Family relationships spoil by harsh words said with the whole world watching.
Friendships sour when someone posts they're visiting your hometown and they didn't bother to call.
Employers sigh when they learn things about their employees they never wanted to know, just by starting up their computers.
It's a crazy world out there when our social interactions with one another are no longer just about the face-to-face kind of talking. We misunderstand one another. And we can easily forget one another too (even with all of the built-in reminders!) as our feed grows longer and longer with touch points to every Jane, Sally and Dick we've ever known.
So what's the solution in this "you can't but be social" world? How do we figure out how/ when/ why to post?
I think about this question all the time, especially as an author-to-be with requirements from my publisher about what type of online presence I maintain. I know what I do online matters. And I never want to take the online community I've built for granted or to miss an opportunity not to speak out on causes that matter.
But then this is where I worry . . .
I have colleagues who are fellow pastors, influencers and known public speakers who seem to post (in my opinion) all the time.
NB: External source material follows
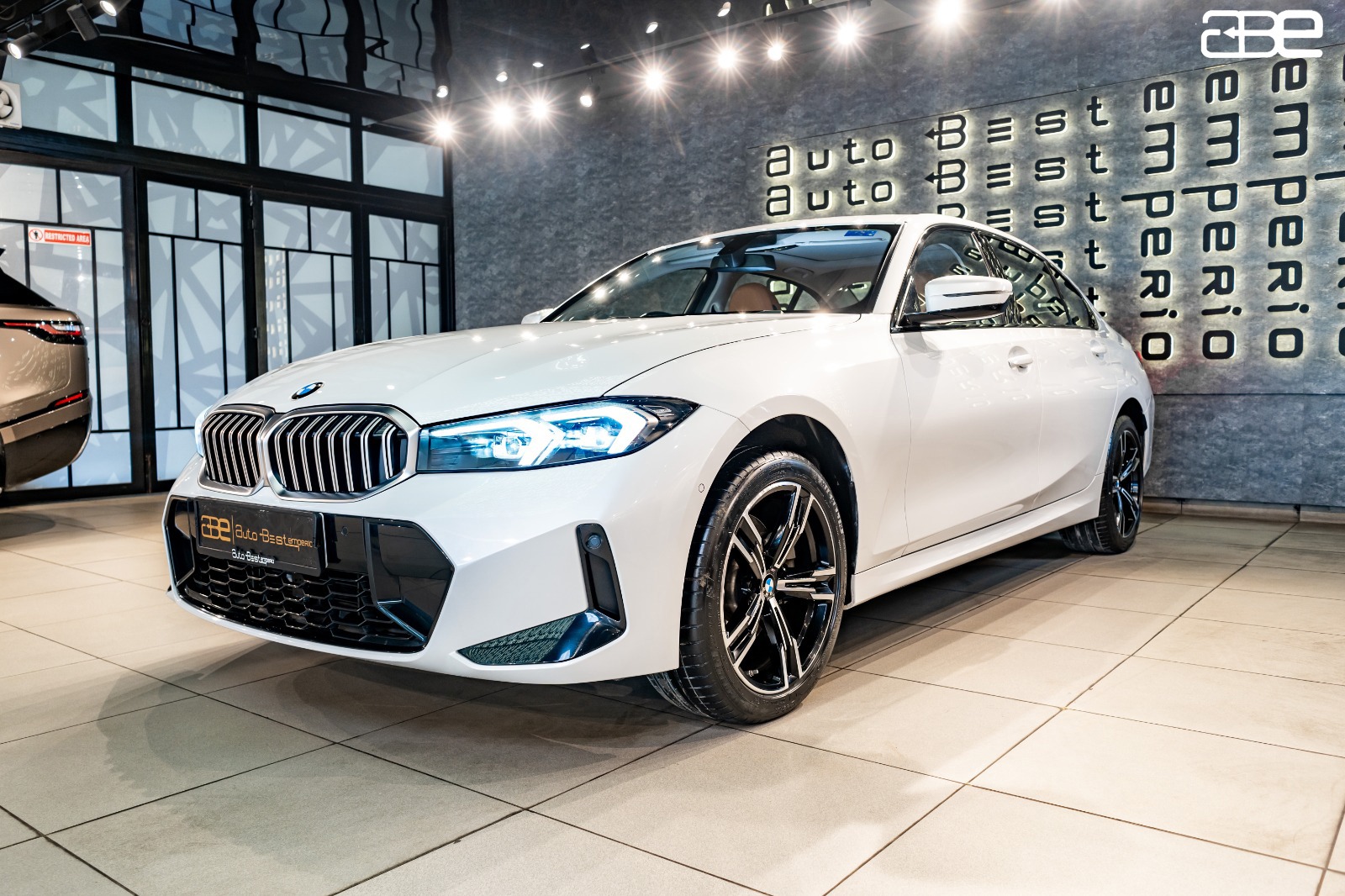 BMW Most Expensive Car: Đỉnh Cao Xa Xỉ Và Công Nghệ Chế Tác 4 bmw most expensive car - Hình 2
Every time, they read a book. Every time they eat a really great grilled cheese sandwich. Every time they have a conversation with a friend that moves their spirits or delights them.
As a "follower" of theirs, I watch how people respond to their openness, gut level honesty and frequency of posts. They are so beloved! I do admit that I learn a lot from their posts about what to eat where, what political articles I should read and even sometimes get a kick in the pants from their convictions put to practice.
I want to be a person that my dearest friends know the best.
I want to be a person that can have a wonderful date with my husband and doesn't brag.
I want to be a person who makes advances in my vocational life that LinkedIn doesn't have to congratulate me for.
In fact, during a particularly tender time in my life several years ago, I went off cold turkey from social media for many months. It was the best self-care! Sometimes, we all need a complete break.
While none of us can avoid social media, we can make the best choices for us about when/ how we post. Asking ourselves the question when we do post: "Why am I sharing this?" And "What do I want to accomplish?"
For me, not willing to bear my soul to the world on a daily basis might limit how quickly my reach may grow. But, at the end of the night I don't want to feel that oversharing ickiness either. There are some memories and experiences so precious to me that I reserve the right to savor them privately.
So, though we can't avoid being both online + social, let us encourage one another to be ourselves to post with purpose and in a way that builds us up!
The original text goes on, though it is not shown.